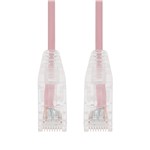 Picture of 15ft Pink CAT 6 Slim PVC Ethernet Cable Snagless Clear-Claw RJ-45 M/M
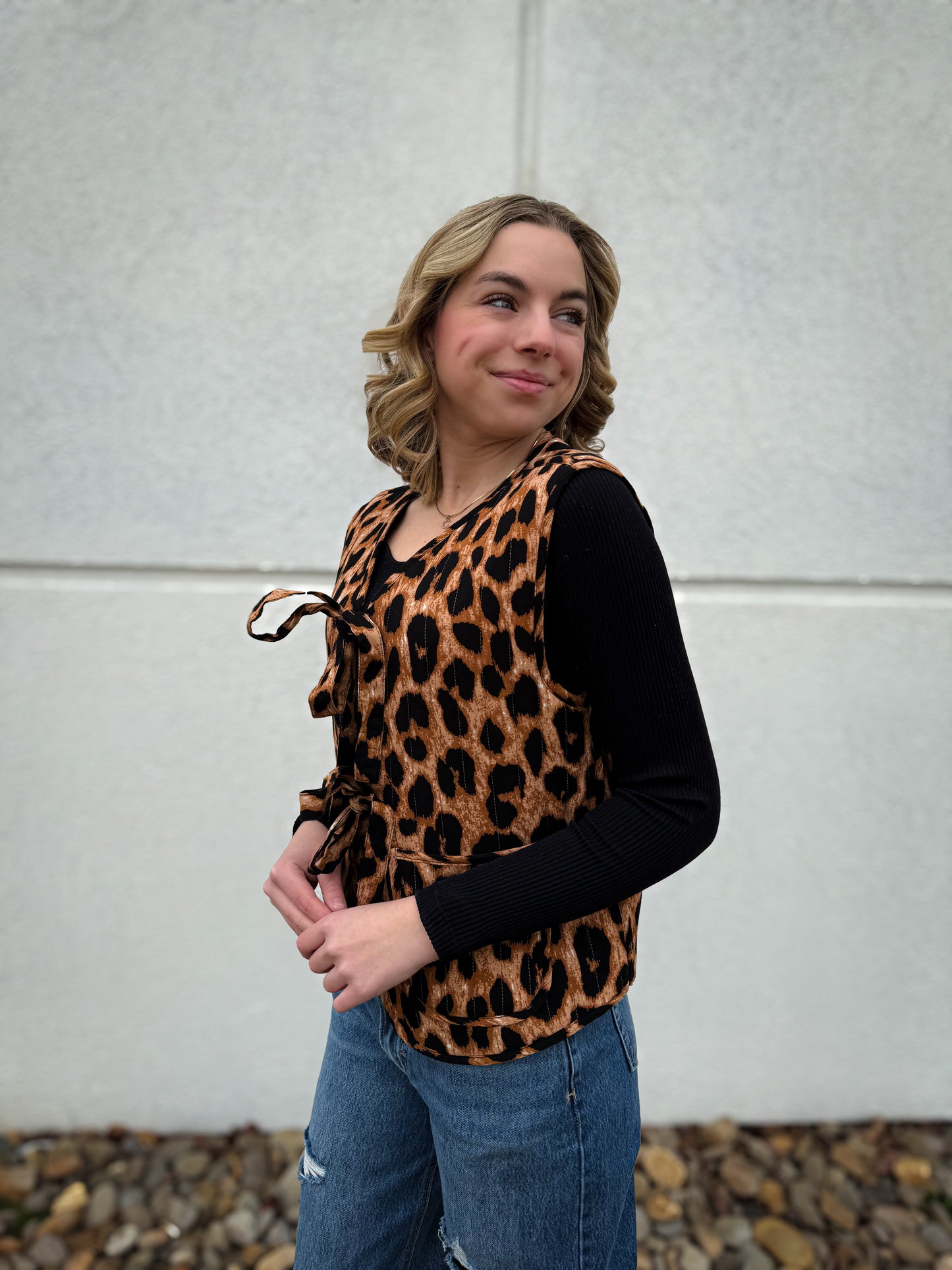 Leopard Quilted Vest with Bow Ties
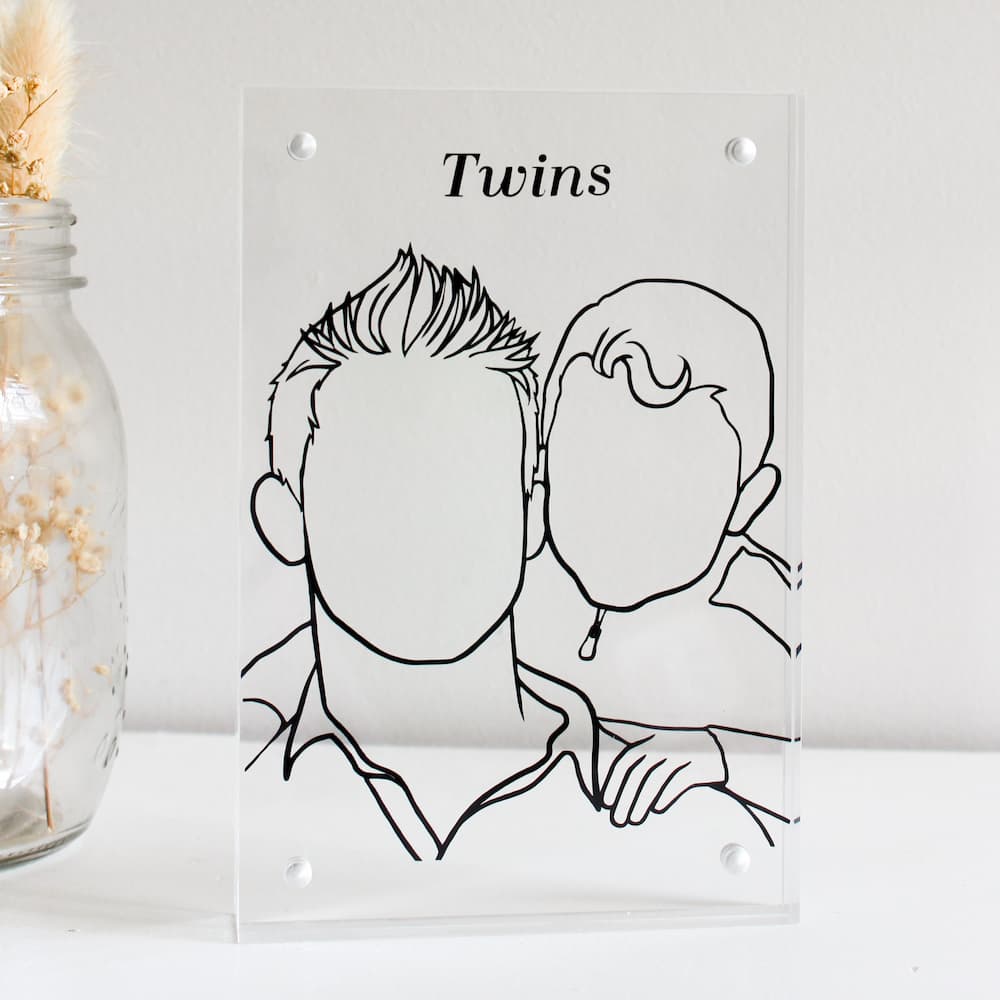 personalised clear line art frame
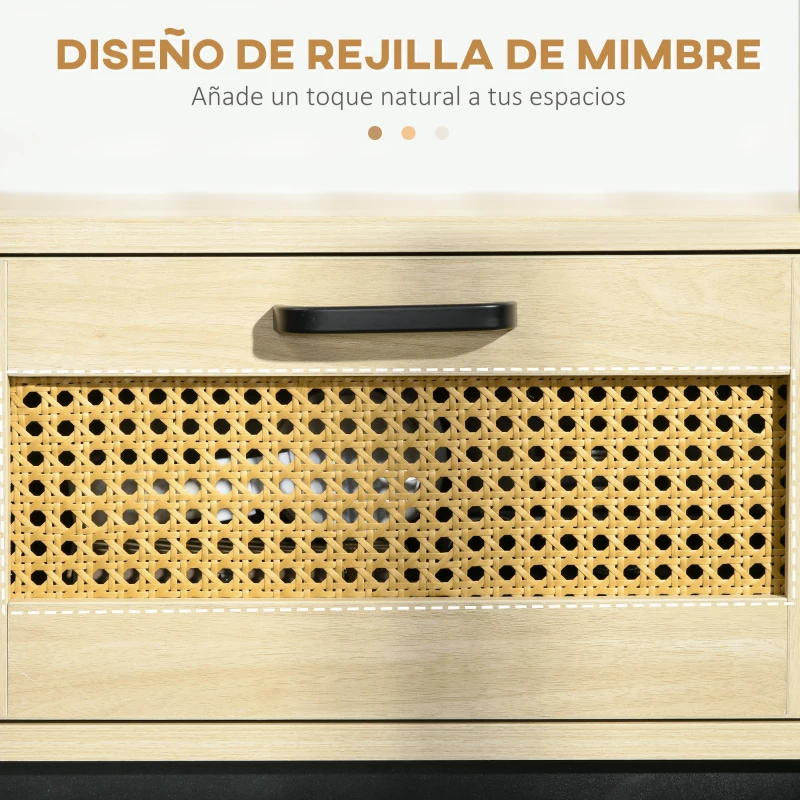 HOMCOM Mesa Consola Mueble Recibidor con 2 Cajones de Rejilla de Ratán Estante de Almacenaje Marco de Metal 90x35x82,5cm Roble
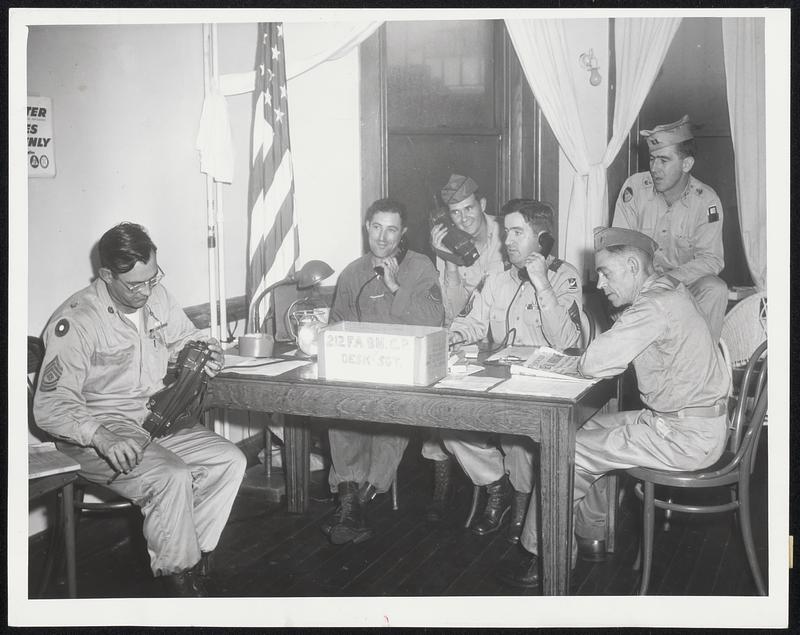 National Guardsmen man headquarters at Fairhaven, Front, left to right, M/Sgt. Charles O. Joerres, Sfc. Manuel Martin, M/Sgt. William P. McCarthy and CWO Henry E. Parkin. Rear, Cpl. Hervey Fortin and Capt. John D. Masten.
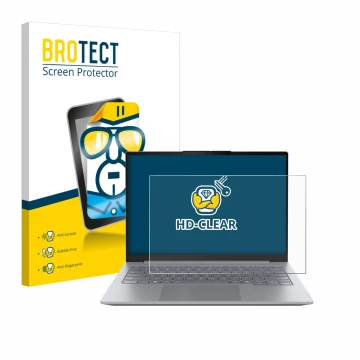 Parte frontale di una confezione del prodotto con il logo del marchio BROTECT. Accanto è raffigurato il dispositivo Lenovo Thi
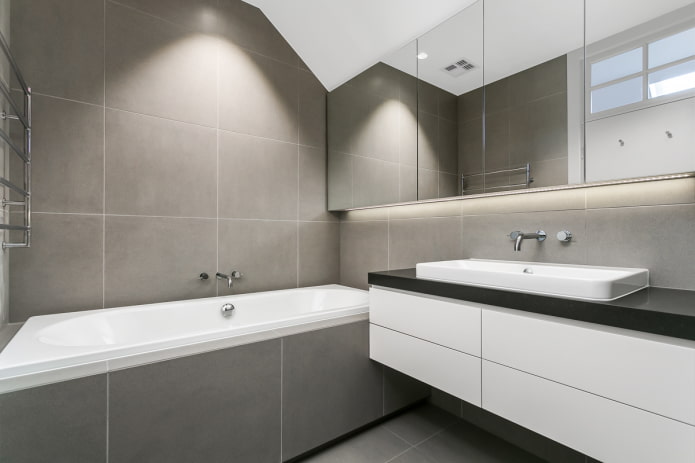 azulejos no interior de um banheiro no estilo minimalista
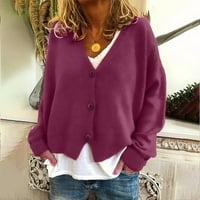 FESFESFES Clearence ženske bluze u boji, ležerna majica s dugim rukavima V izrez Pleteni kardigan džemper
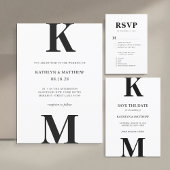 Zwart Modern Bold Monogram Eenvoudig Vrijgezellenf Kaart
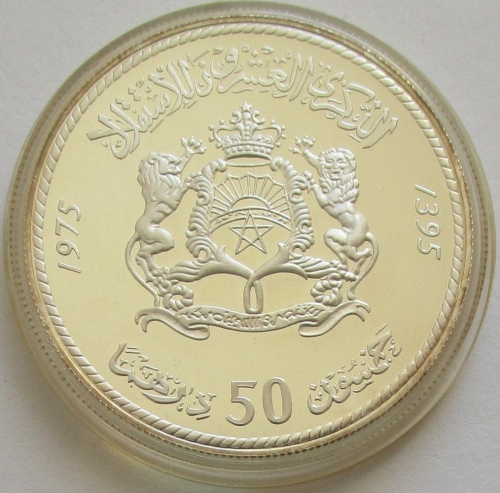 Morocco 50 Dirhams 1975 20 Years Independence Silver Proof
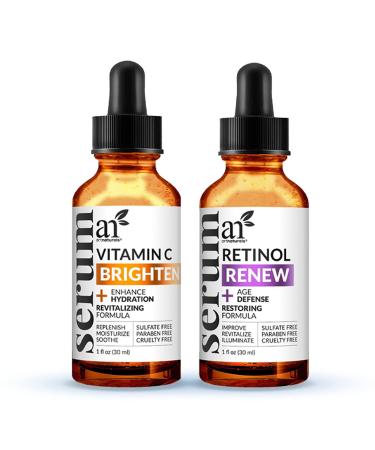 ArtNaturals Vitamin-C and Retinol Serum (2 x 1 Fl Oz / 30ml) - Holiday Gift Set - Wrinkle & Dark Circle Remover (Morning & Night Anti Aging Therapy) Natural and Moisturizing Treatment (ANAA-0203)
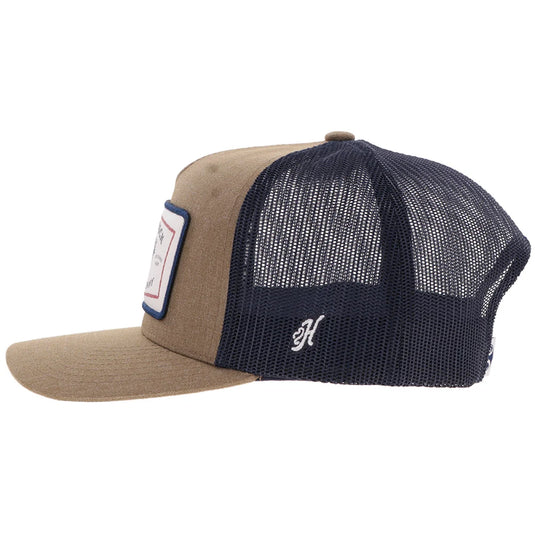 2561T-TNNV - Hooey "Rank Stock" Hat Tan & Navy W/Rectangle Patch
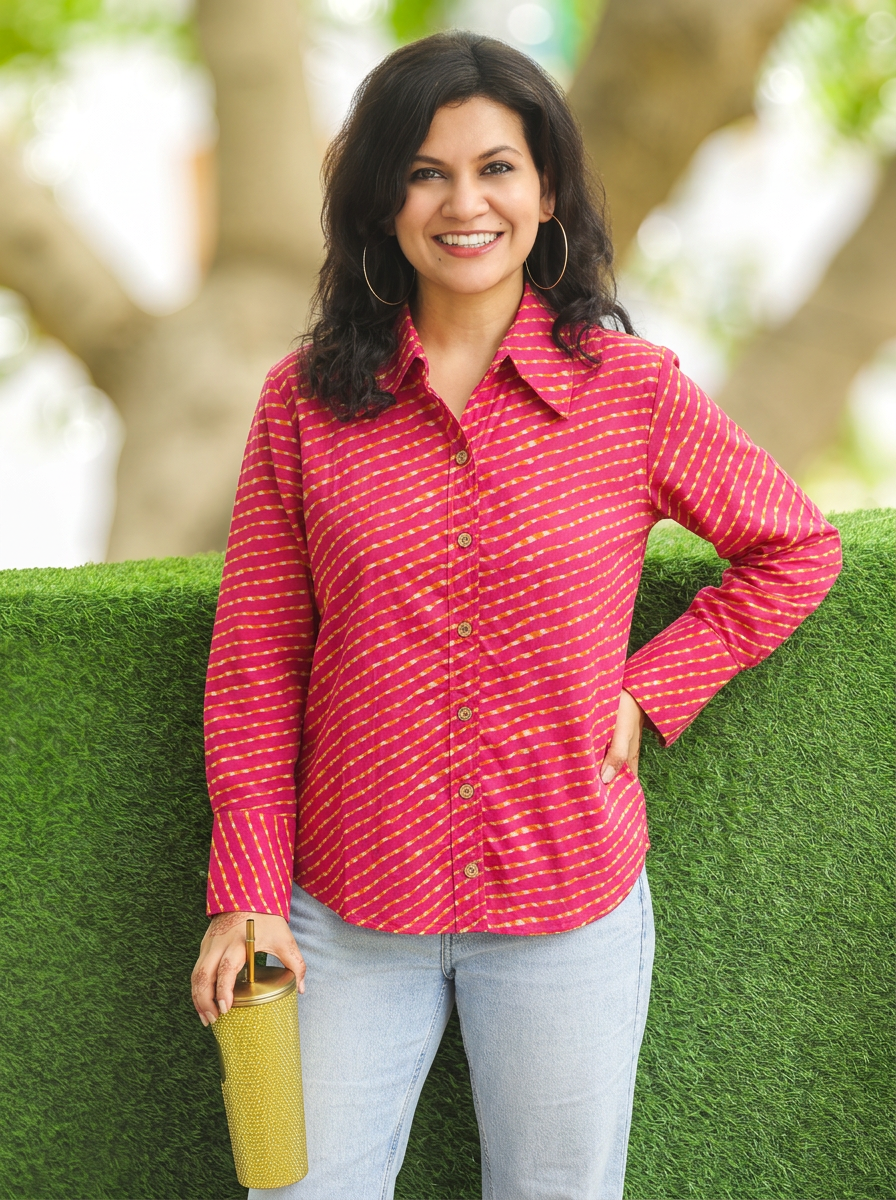 Leher Rani Red Leheriya Print Wood Button Cotton Shirt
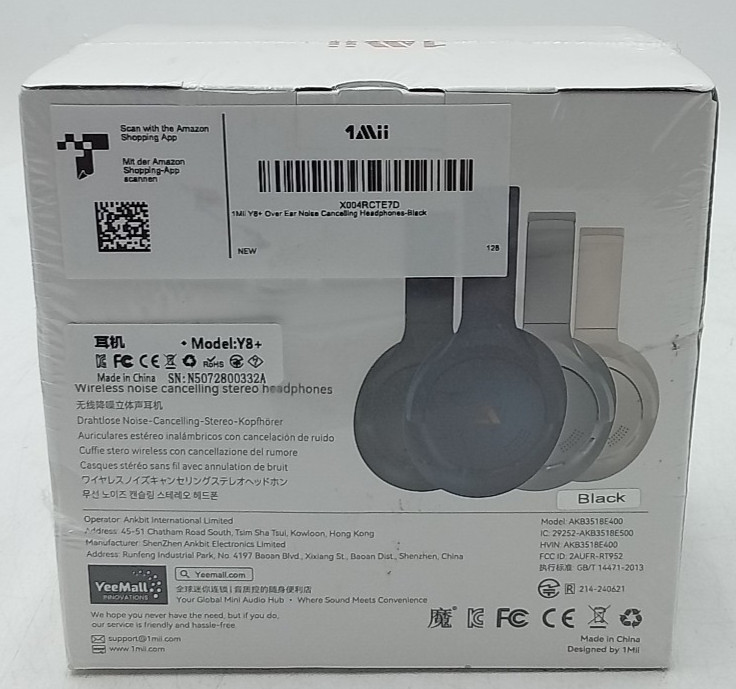 1Mii Y8+ Noise Cancelling Headphones Bluetooth Wireless Hi-Res Audio NEW SEALED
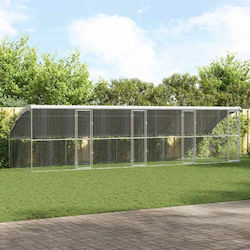 vidaXL Μεταλλικό Πάρκο Σκύλου 800x200x200εκ. Ασημί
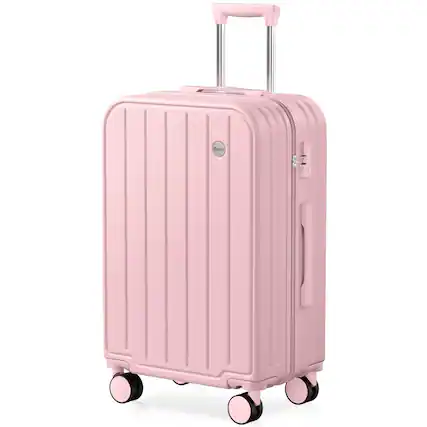 Front. Brick Attic - 24 Inch Suitcases, Checked Luggage with TSA Lock, PC ABS Hard Shell Mediume Luggage for Women and Kids - Pink.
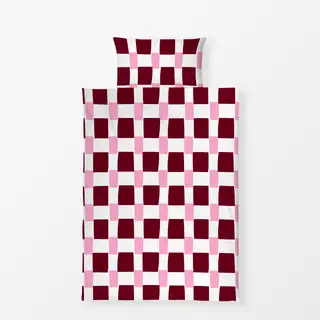 Bettwäsche Karo Blütenpink & Beerenrot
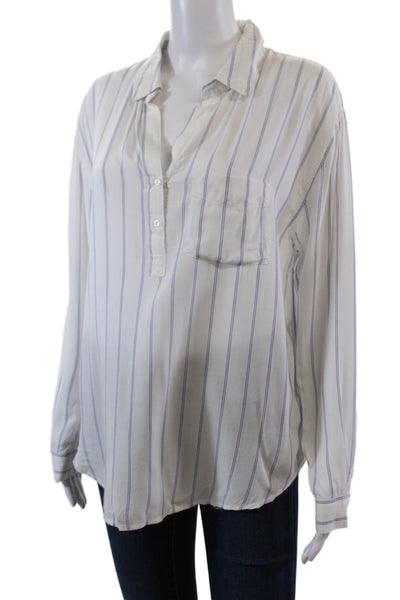Rails Womens Cotton Long Sleeve Button Up Stripe Blouse White Size S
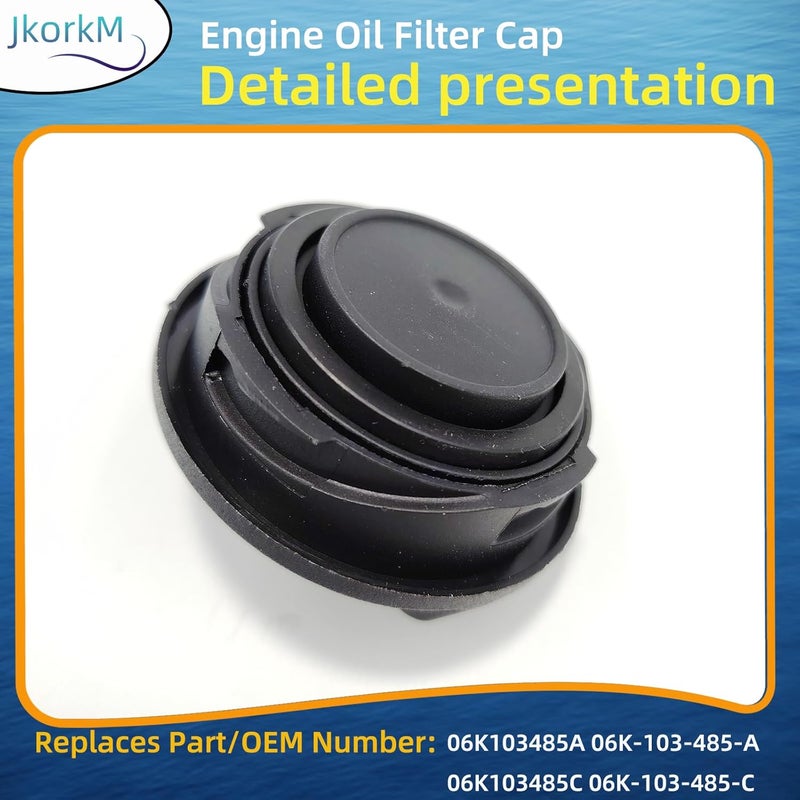 JkorkM غطاء تعبئة زيت المحرك 06K103485C متوافق مع فولكس فاجن - يناسب فولكس فاجن بيتل CC باسات جيتا تيغوان، بديل لرقم OEM 06K103485C 06K 103 485 C 06K-103-485-A 06K 103 485 A - Image 5
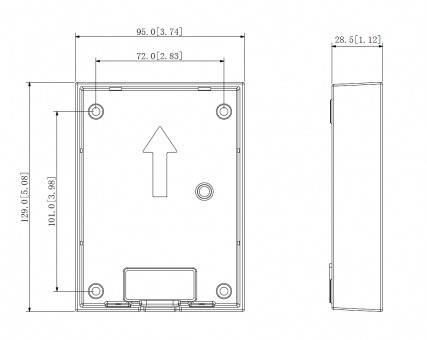 Dahua - VTM115 - Aufputz Box, - Aufputz Box für VTO2202F-P - Material: Aluminium - Abmessungen (HxBxT): 129mm x 95mm x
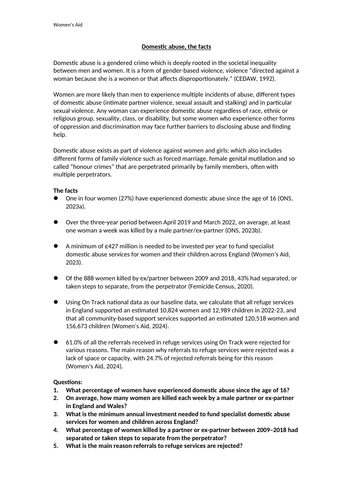 Gender, Sexism and Feminism - Domestic Violence - Women
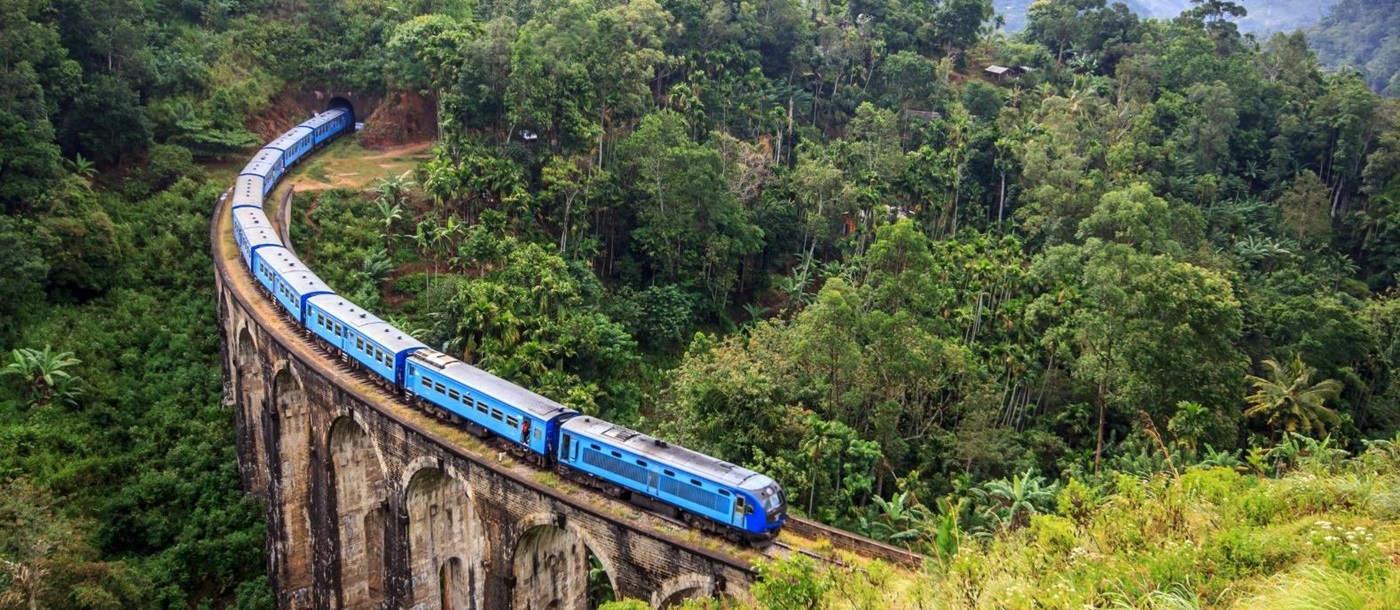 Train going over the Nine Arch Bridge towards Kandy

--

I need the lines from the line holding "azulejos no interior" through the end of the material, inclusive, restated word for word and without pictures.

 azulejos no interior de um banheiro no estilo minimalista
 FESFESFES Clearence ženske bluze u boji, ležerna majica s dugim rukavima V izrez Pleteni kardigan džemper
 Zwart Modern Bold Monogram Eenvoudig Vrijgezellenf Kaart
 Morocco 50 Dirhams 1975 20 Years Independence Silver Proof
 ArtNaturals Vitamin-C and Retinol Serum (2 x 1 Fl Oz / 30ml) - Holiday Gift Set - Wrinkle & Dark Circle Remover (Morning & Night Anti Aging Therapy) Natural and Moisturizing Treatment (ANAA-0203)
 2561T-TNNV - Hooey "Rank Stock" Hat Tan & Navy W/Rectangle Patch
 Leher Rani Red Leheriya Print Wood Button Cotton Shirt
 1Mii Y8+ Noise Cancelling Headphones Bluetooth Wireless Hi-Res Audio NEW SEALED
 vidaXL Μεταλλικό Πάρκο Σκύλου 800x200x200εκ. Ασημί
 Front. Brick Attic - 24 Inch Suitcases, Checked Luggage with TSA Lock, PC ABS Hard Shell Mediume Luggage for Women and Kids - Pink.
 Bettwäsche Karo Blütenpink & Beerenrot
Rails Womens Cotton Long Sleeve Button Up Stripe Blouse White Size S
 JkorkM غطاء تعبئة زيت المحرك 06K103485C متوافق مع فولكس فاجن - يناسب فولكس فاجن بيتل CC باسات جيتا تيغوان، بديل لرقم OEM 06K103485C 06K 103 485 C 06K-103-485-A 06K 103 485 A - Image 5
 Dahua - VTM115 - Aufputz Box, - Aufputz Box für VTO2202F-P - Material: Aluminium - Abmessungen (HxBxT): 129mm x 95mm x
 Gender, Sexism and Feminism - Domestic Violence - Women
 Train going over the Nine Arch Bridge towards Kandy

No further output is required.